Aerospace tech company Mercury Systems' (MRCY 1.62%) quarterly results slightly exceeded expectations, but its guidance was weak. That guidance has the shares tumbling more than 20% in Wednesday morning trading.
On Tuesday after markets closed, Mercury reported fiscal third-quarter adjusted earnings of $0.64 per share on revenue of $256.86 million, topping analyst expectations of $0.62 per share in earnings on revenue of $253 million. The company makes components for a variety of commercial aerospace and defense platforms, for example rugged ethernet routing devices used by Boeing in the AH-64E Apache helicopter.

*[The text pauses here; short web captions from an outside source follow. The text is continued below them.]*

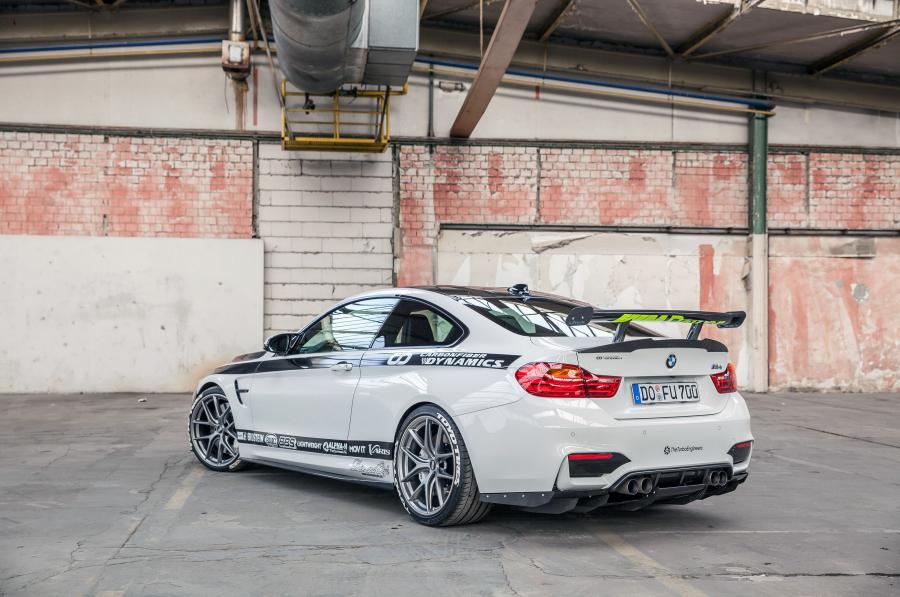  BMW M4 Coupe M4R by Carbonfiber Dynamics 2016 года  (фото 8 из 15)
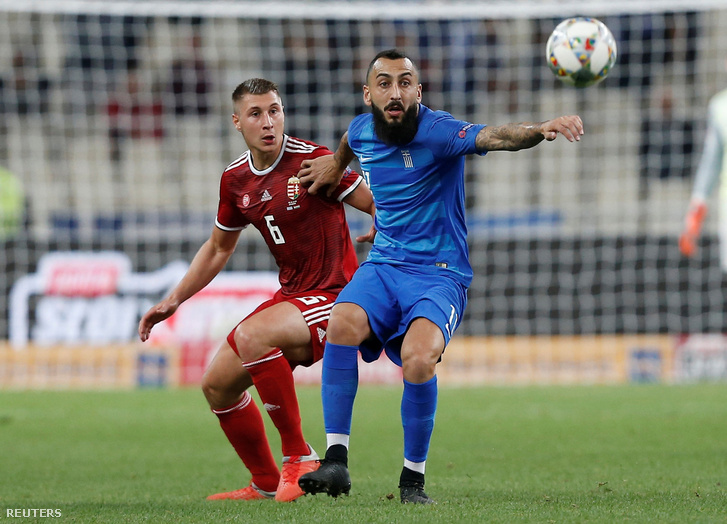 Kostas Mitroglou és Willi Orban a Nemzetek Ligája 3. fordulójában játszott Magyarország-Görögország mérkőzésen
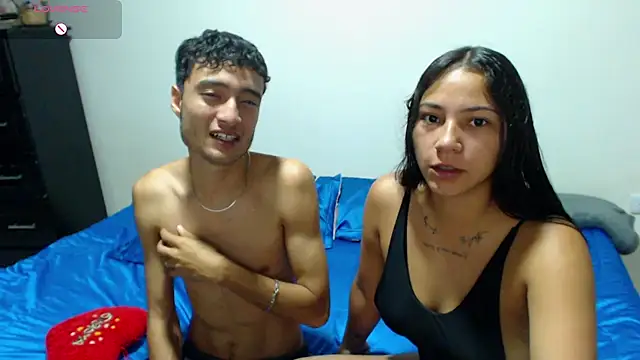 camiYwY online show from November 26, 2025, 8:47 am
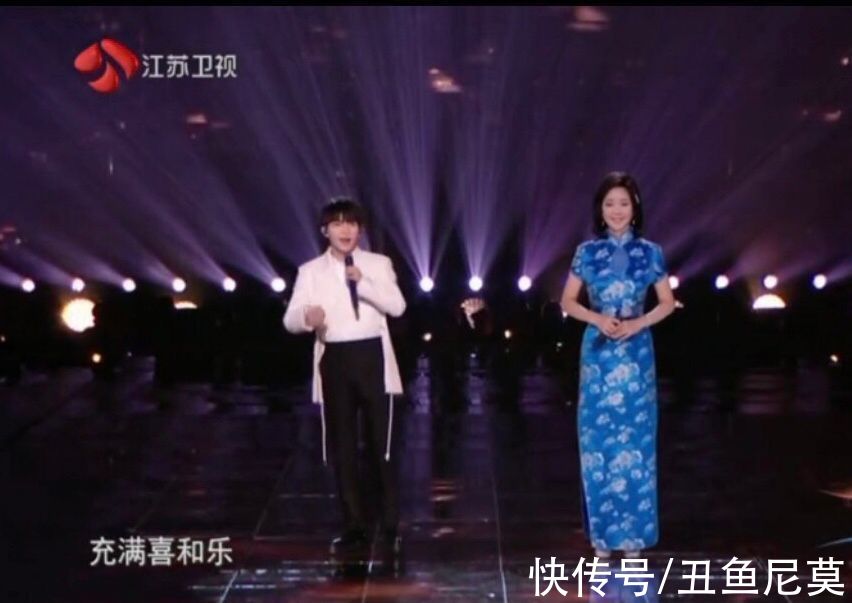 金曲听不够，故事不够听，江苏卫视跨年晚会致敬新时代唱响新生活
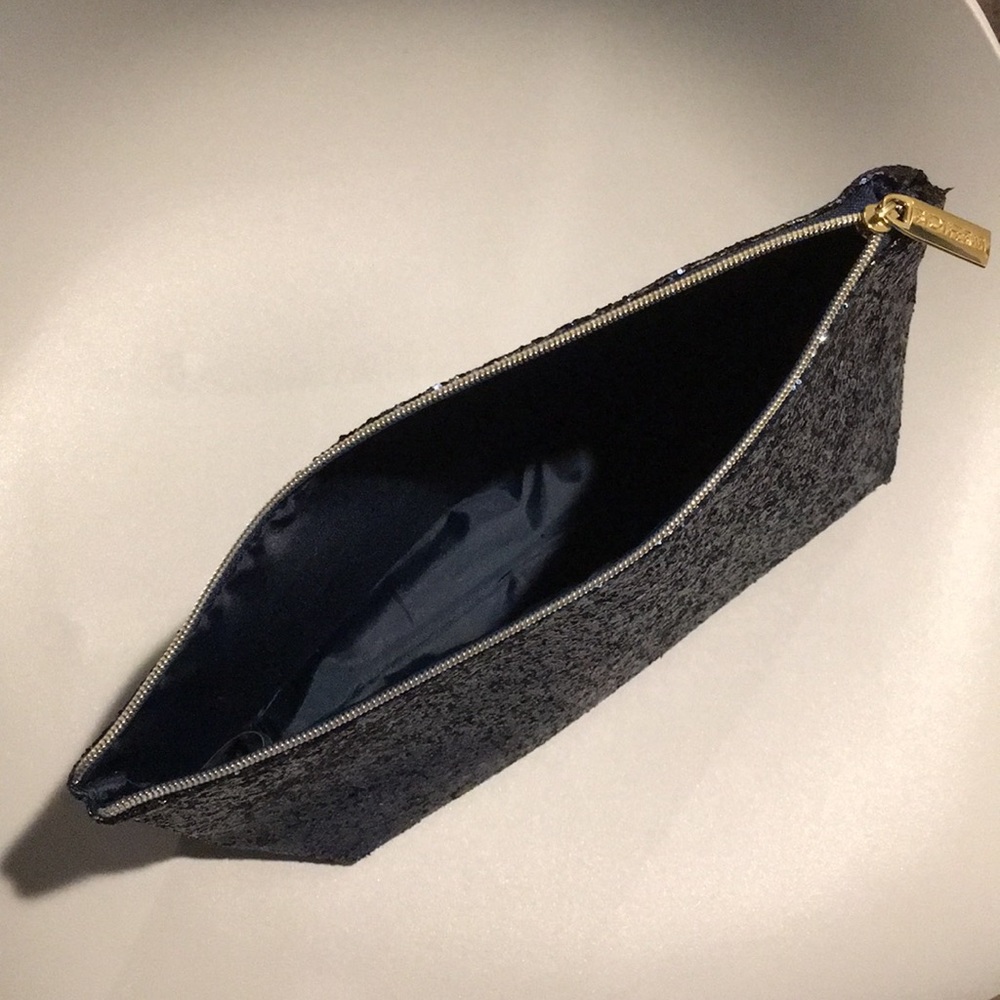 Multipurpose glitter pouch - Picture 3 of 3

"The company delivered a strong financial performance in the third quarter," CEO Mark Aslett said in a statement. "We continue to execute on our strategy to deliver strong margins while growing the business organically and supplementing the organic growth with disciplined M&A and full integration. Our pipeline is robust with multiple opportunities of varying sizes, all in line with the core of our strategy."
Unfortunately, the company is not as optimistic about the fiscal fourth quarter as Wall Street analysts were. Mercury sees fourth-quarter adjusted earnings coming in at between $0.66 and $0.69 per share, below the $0.73-per-share consensus.
The forecast prompted Canaccord Genuity analyst Ken Herbert to downgrade Mercury to a hold from a buy, although his $74 price target offers more than 35% upside over current prices. Herbert in a note said that Mercury's caution about future growth, coupled with investor concerns over slowing Pentagon spending, limits the near-term upside to the shares.
This is a good business, and management is confident about the long-term future. The problem is that there isn't a lot of certainty about the near term or how quickly Mercury can capitalize on its potential. Mercury isn't cheap for a defense contractor, trading at 52 times earnings and nearly five times sales. Herbert is likely right that the near term could be difficult until there is more clarity about Pentagon spending plans.